For image classification tasks, the Sliceformer was adapted to vision tasks by replacing ViT's MHA layers. This adaptation not only reduced model size significantly but also improved top-1 classification accuracy across datasets such as CIFAR-10 and CIFAR-100.

Similarly, in text classification with the IMDB dataset, the Sliceformer achieved higher accuracy with a smaller model footprint than traditional transformers, reinforcing its adaptability and efficiency in diverse applications.

Molecular Property Prediction

Introducing the slicing-sorting mechanism into graph-based tasks, the Sliceformer showed promise in molecular datasets, achieving comparable performance to Graphormer while reducing model size by approximately 30%.

Conclusion and Future Directions

The Sliceformer presents a significant step toward efficient transformer models by addressing MHA complexities with a simple yet effective slicing-sorting operation.

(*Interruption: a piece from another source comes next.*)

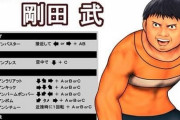【悲報】剛田武さん 遂に人を殺してしまう
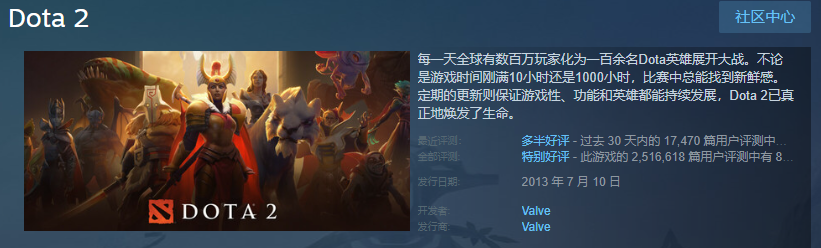 《DOTA2》迎来发售12周年纪念，前身DotA已诞生22年-萌图百科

While its current implementation excels in discriminative tasks, future research could explore extending its application to generative tasks, enhancing its model capacity, and validating its potential in broader AI contexts. The development of differentiable slicing-sorting operations and their applications in AI for drug discovery and structured data modeling remains an exciting direction for future exploration.